Disarmament, Demobilisation and Reintegration

Following the signing of the MoU on Military Affairs in August 2018, both the Government and Renamo have been committed to advancing on the central issue of Disarmament, Demobilisation and Reintegration (DDR). The MoU sets out an agreed set of actions and guiding principles for the placement of officers from Renamo into the structures of the Mozambique Defence Forces (FADM) and Republic of Mozambique Police (PRM) and for the disarmament, demobilisation and reintegration of Renamo armed elements. The DDR process is designed to be inclusive and participatory and seeks to create conditions necessary to allow Renamo combatants to lay down arms and return home. 

The disarmament, demobilisation and reintegration of 5,221 Renamo combatants (257 women and 4,964 men) has been underway since July 2019 when registration of the first group of combatants took place in Gorongosa district, Sofala province. DDR activities take place in specially designed Assembly Areas (AA) where ex-combatants pass through a comprehensive registration and sensitisation process, which helps them begin their transition into civilian life. Registration and hand over of weapons and other military paraphernalia also takes place. During their time in the AA, DDR beneficiaries participate in reintegration interviews which provide valuable information on their hopes and plans in this next phase. As part of their reintegration process, DDR beneficiaries and family members are invited to participate in economic, livelihood and education opportunities based on needs, capabilities, and local opportunities within the communities where they choose to settle.  

DDR activities are led by the Joint Technical Group for DDR (JTGDDR) and the Joint Technical Group for Monitoring and Verification (JTGMV). They are supported in their work by members of the International Component and Peace Process Secretariat.

DDR activities resumed in central Mozambique in June 2020 and 15 of 16 Renamo bases have now been closed. DDR activities are scheduled to conclude in 2023.


A meeting of the Peace Clubs will be held in Angónia, Tete province, in December 2022.

As part of the Peace Clubs' work, a tree is planted in Metuchira district, Sofala province.
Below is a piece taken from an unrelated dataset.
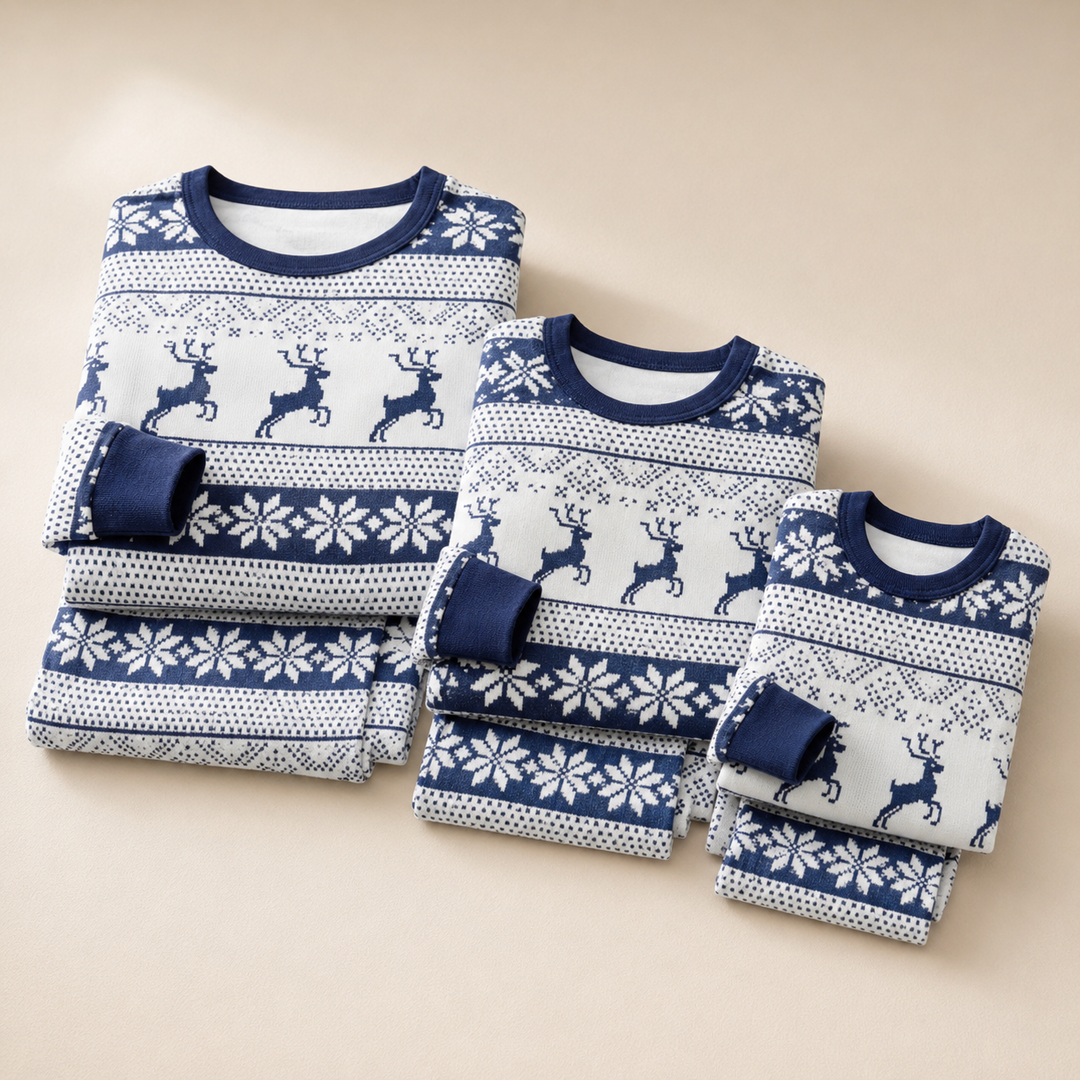Family Christmas Pyjamas | Nordic Reindeer Matching Sets, Adults &amp; Kids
Since 2014, Peace Clubs have been formed by religious and community leaders in Mozambique to promote non-violent means of conflict resolution at a local level.

Mozambican musicians come together to launch the song and music video for the 'Peace is Our Culture' campaign. The song and video were creatively directed by Stewart Sukuma and featured artists from all over the country. Maputo, June 2023.

With the completion of disarmament and demobilisation activities, the Government, Renamo and other stakeholders have focused on long-term reintegration and national reconciliation to secure the sustainability of the peace process and consolidate national unity. Under the framework of DDR, PPS has worked with several partners to lay the groundwork for reconciliation and advance inclusivity within national institutions and communities, including the integration of Renamo officers into the police force.

Recognising the potential of education to foster a culture of peace within communities and throughout the country, the Ministry of Education and Human Development has partnered with PPS to implement activities to promote peace and culture. One of the activities includes a wide-reaching national reconciliation campaign with messages broadcast promoting peace and reconciliation on national television and social media platforms. PPS also supports the Ministry in implementing activities to promote peace education by incorporating reconciliation into the national curriculum. 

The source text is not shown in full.